Unendliches Wachstum
auf einem endlichen Planeten
ist nicht möglich
Foto: Akil Mazumder
Jedes Kind weiß: Wenn es einen Luftballon weiter und weiter und weiter aufbläst, wird er platzen. Dann hat es einen Schreck vom Knall und keinen Luftballon mehr zum Spielen. Wenn wir so weitermachen wie bisher, haben wir den Schreck durch Unwetterkatastrophen in ungekanntem Ausmaß und keinen Planeten mehr zum Leben. Und – wir wissen das!
In Europa hat das Wirtschaftswachstum seit den 1950ern für viele von uns mehr Wohlstand gebracht, ein abgesichertes und im weltvergleich luxuriöses Leben. ‚Alles wurde immer besser‘. Und das sollen wir aufgeben?
Ja, uns ist es – vermutlich historisch einmalig – ein paar Jahrzehnte wirklich gut gegangen. Die Kosten für diesen Wohlstand haben wir zum größten Teil in andere Weltgegenden ausgelagert, Kosten an Mensch und Natur durch Ausbeutung und Raubbau. Um unseren Luxus ungetrübt genießen zu können, haben wir gelernt, sog. kognitive Dissonanzen zu vermeiden, haben wir uns darin geübt, nicht zu sehen, was wir eigentlich wissen (‚turning a blind eye‘).

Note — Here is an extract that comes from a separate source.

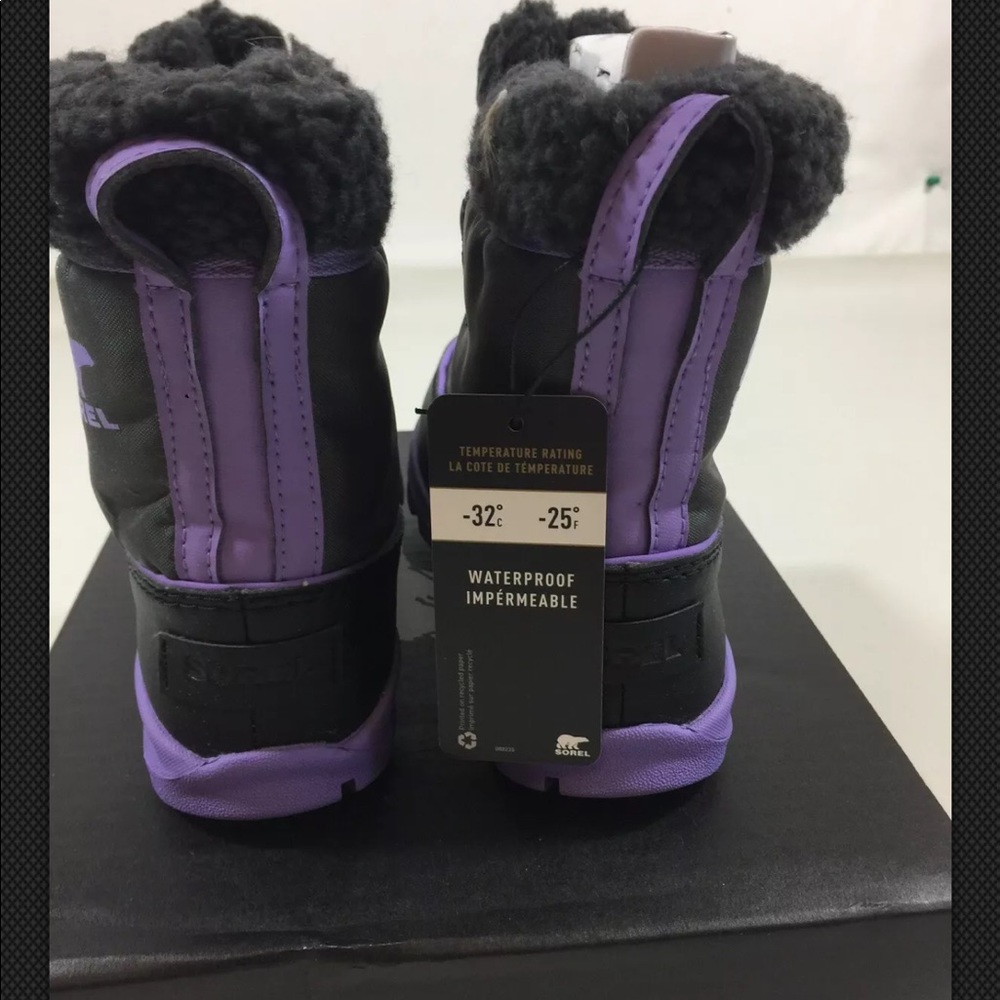 Sorel Kids Whitney Carnival Snow Boots - Picture 5 of 7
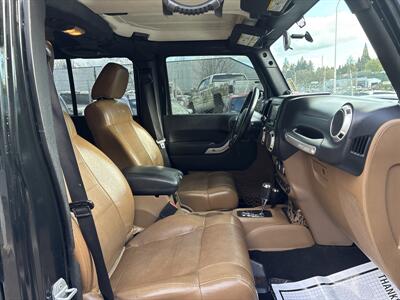 2012 Jeep Wrangler Unlimited Sahara   - Photo 20 - Portland, OR 97267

Diese Kosten sind inzwischen aber dermaßen angestiegen, dass es vielen nicht mehr möglich ist, darüber hinwegzusehen. Sie zerstören weltweit Lebensräume und Lebensgrundlagen, zerstören die fruchtbare Biosphäre der Erde, aus der heraus wir überhaupt erst entstehen konnten. Als kleines Dankeschön schlagen wir sie jetzt kaputt.
Kurzum, wir müssen aufhören zu wachsen. Mit 18 Jahren erwachsen, war ich 1,8 m groß, bei einem durchschnittlichen Wachstum von 10cm/a. Wäre ich bis heute so weitergewachsen, betrüge meine Körpergröße 6,4 Meter und die Schreibtischfläche, auf der ich gerade schreibe, befände sich auf einer Höhe von ca 2,7 m. Was für eine Perpektive. Degrowth hätte mir wohl gut getan. Ein Wort, das bei den meisten Wirtschaftsleuten und Politiker:innen Unverständnis bis hin zur panikartigen Ablehnung auslöst. Wie soll das funktionieren, so ganz ohne Wachstum? Mal ganz simpel gesagt: ‚ES‘ funktioniert, wenn WIR rechtzeitig HANDELN. Wenn nicht, ist die Zivilisation wie wir sie kennen, verloren und die Welt gleich mit.
Eigentlich wollte ich nur einen Artikel empfehlen: ‚Der Elefant im Raum der Klimadebatte‚ von Julien Gupta, Redakteur des tazTEAM ZUKUNFT. Er beschreibt die wichtigsten Punkte zum Thema und plädiert dafür, Degrowth und alternative Modelle mehr in die Diskussion einzubringen: „Wirtschaftswachstum ist der Elefant im Raum der Klimadebatte. Und wir sollten viel häufiger mit dem Finger auf ihn zeigen. Dafür braucht es allerdings eine gemeinsame Diskussionsgrundlage – was eignet sich dafür besser als ein kleines Degrowth-FAQ.“ Nur damit keine falschen Hoffnungen aufkommen, er zitiert: „Green Growth is not a thing.“
Und wo wir gerade dabei sind, der japanische Philosoph Kohei Saito propagiert in seinem Buch ‚Systemsturz – Der Sieg der Natur über den Kapitalismus‘ das Modell des Degrowth-Kommunismus. Hat nichts mit dem Staatsterror-Kommunismus zu tun, sondern basiert im Grunde auf der Wiederbelebung einer alten Wirtschaftsform, der Commons. Seine Abhandlung ist auf einer Analyse von nicht oder kaum bekannten Schriftstücken von Karl Marx aufgebaut. Er beschreibt vier denkbare Zukunftsszenarien: Klima-Faschismus, Klima-Maoismus, Barbarei und eben den Degrowth-Kommunismus, eine durch und durch demokratische Form des Zusammenlebens.
Wer nicht das ganze Buch lesen will, findet das Wichtigste in einem Artikel von Malene Gürgen, tazTEAM ZUKUNFT, vom 24.08.2023: ‚Mit Karl Marx in den Klima-Kommunismus‚
Danke, lieber Stephan für diesen, sehr aufschlussreichen Artikel!!!
Das müssten eigentlich alle, die in der Wirtschaft was zu sagen haben, lesen und verinnerlichen!!!